Week 2-3: Build the workflow for the ones that work. For the deliverables where AI produced a usable first draft, build an actual workflow. Not “tell everyone to use ChatGPT.” A documented process: here’s the input template, here are the prompts, here’s the quality checklist, here’s what the reviewer should look for. Make it repeatable. Make it consistent.

Week 4: Measure. Track the hours. Before AI, Deliverable X took Person Y an average of Z hours. After the AI workflow, it takes Z-minus-something hours. Track the revision cycles. Track the senior review time. Don’t guess. Measure.

Ongoing: Map the frontier. Keep testing new deliverable types. Some will work. Some won’t. The study tells you that the boundary is jagged and unpredictable, so you can’t assume a task is AI-eligible just because a similar-looking task was. Test each one. Build the map for your specific firm.

This isn’t a six-month transformation initiative. It’s a four-week pilot that costs almost nothing and gives you real data on whether this research applies to your specific work.

The Actual Insight

Everyone’s reading the Mollick/BCG study as confirmation that “AI makes workers more productive.” That’s true, but it’s the boring conclusion. It’s the one that sounds good on a keynote stage and doesn’t tell an operator anything they can act on.

The interesting conclusion is about the performance distribution. AI doesn’t just make your team faster. It compresses the gap between your best people and your average people. In a services firm, that gap is the single biggest driver of inconsistency, revision cycles, training costs, and client satisfaction variance.

A 40-person firm doesn’t need everyone to be an A-player. It needs a system where B-players reliably produce B+ work. That’s what this study actually shows is possible — within the frontier, with proper guardrails, on the right tasks.
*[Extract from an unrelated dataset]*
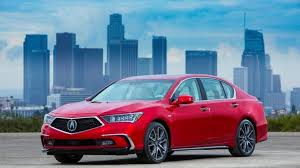 2018 Acura Rlx Sport Hybrid Price Starts At 55 865 Msrp1 Acura Acura Cars Sedan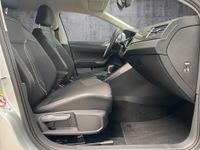 Volkswagen Taigo - Vorschau Bild 10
The $300K in recovered capacity is real math on hypothetical numbers. The revision cycle compression is real. The hiring implications are real. None of it requires a data scientist, an “AI strategy consultant,” or a six-figure implementation budget.

It requires someone who’s willing to spend four weeks testing whether the research applies to their specific workflows. And the intellectual honesty to accept the answer when some of those workflows fall outside the frontier.

That’s it. That’s the whole insight. The study is public. The math is not subtle. What you do about it is the only variable.